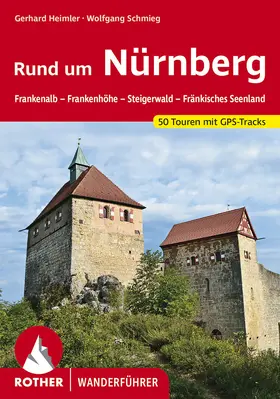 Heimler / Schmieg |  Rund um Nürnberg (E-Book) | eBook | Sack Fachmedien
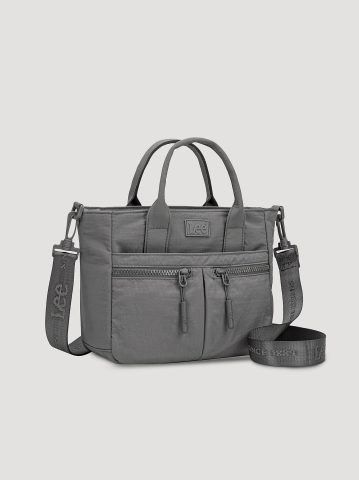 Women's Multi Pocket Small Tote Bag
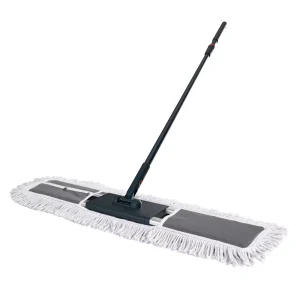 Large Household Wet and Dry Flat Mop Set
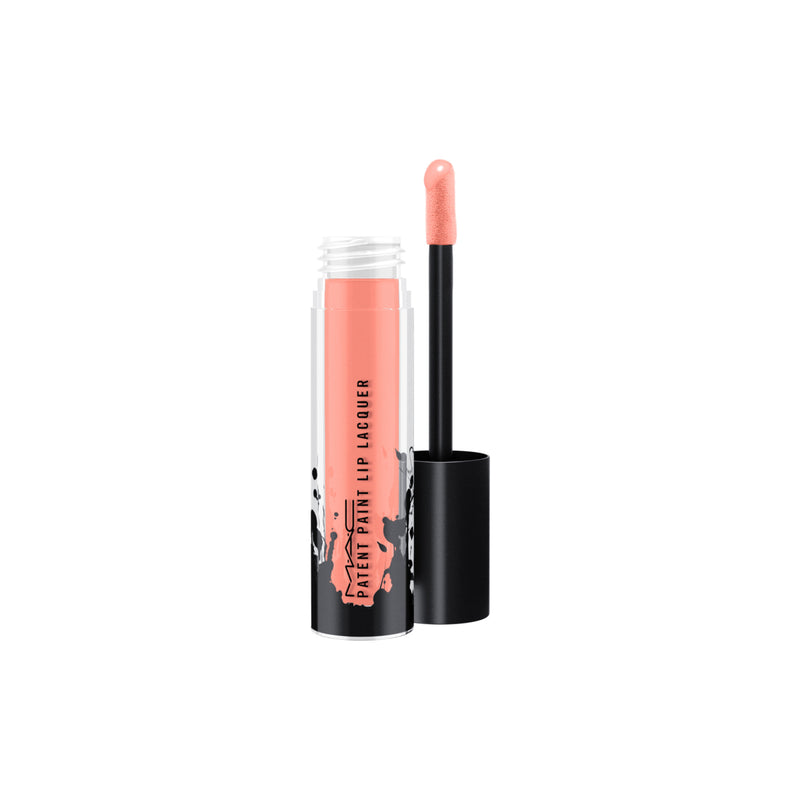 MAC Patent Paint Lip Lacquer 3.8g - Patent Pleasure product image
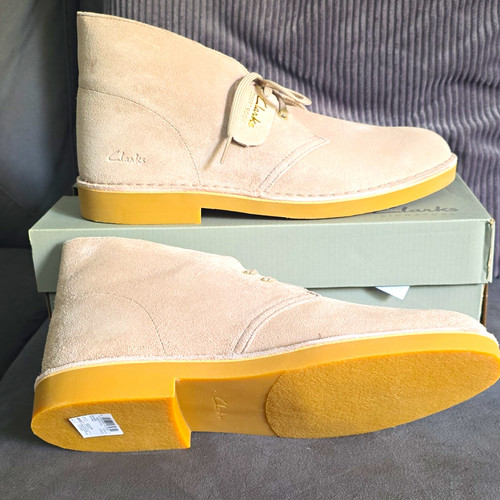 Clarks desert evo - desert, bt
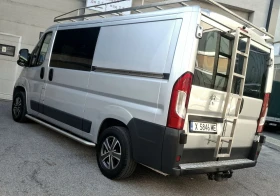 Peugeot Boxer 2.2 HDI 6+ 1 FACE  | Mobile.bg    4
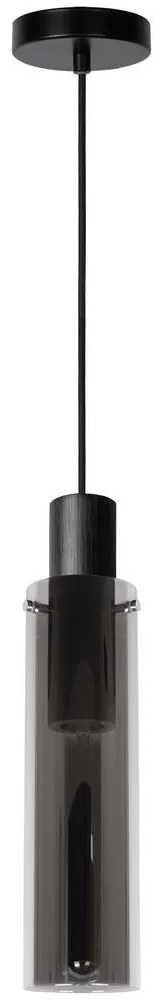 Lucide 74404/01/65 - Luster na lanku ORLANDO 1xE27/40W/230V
...
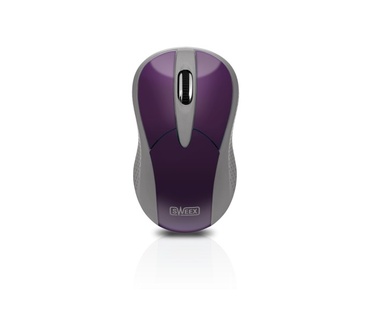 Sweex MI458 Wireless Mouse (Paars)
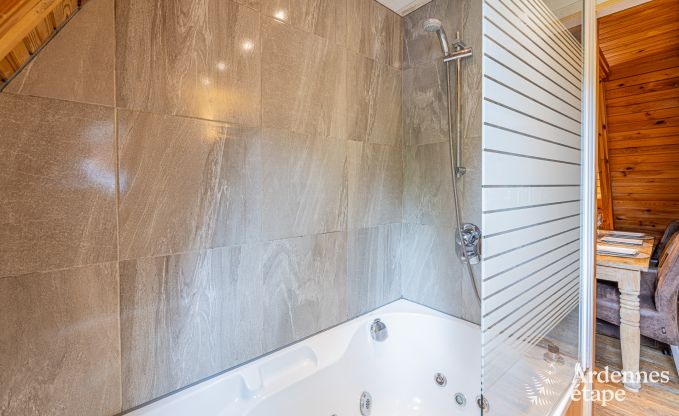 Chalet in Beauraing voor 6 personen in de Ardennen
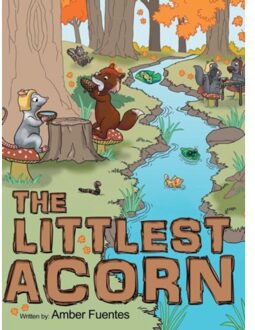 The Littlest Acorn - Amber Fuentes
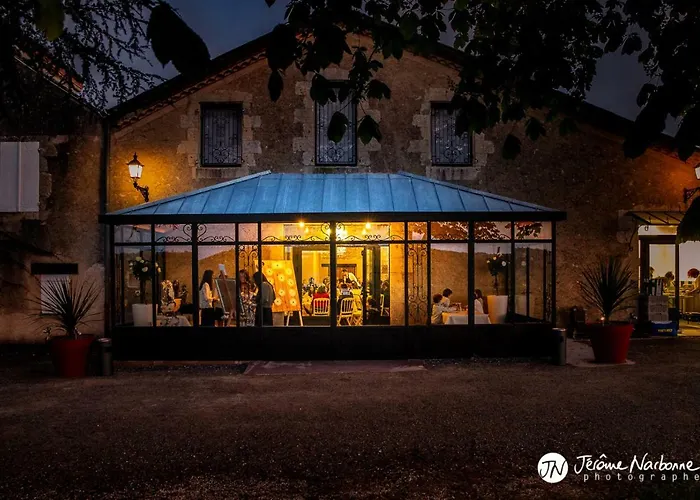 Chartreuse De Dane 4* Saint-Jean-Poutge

*The task:* An exact transcription is needed of the lines from the one with "Peugeot Boxer 2.2" to the one with "Lucide 74404/01/65 - Luster" above, both ends included, with pictures left out.

*Solution below:*
 Peugeot Boxer 2.2 HDI 6+ 1 FACE  | Mobile.bg    4
 Lucide 74404/01/65 - Luster na lanku ORLANDO 1xE27/40W/230V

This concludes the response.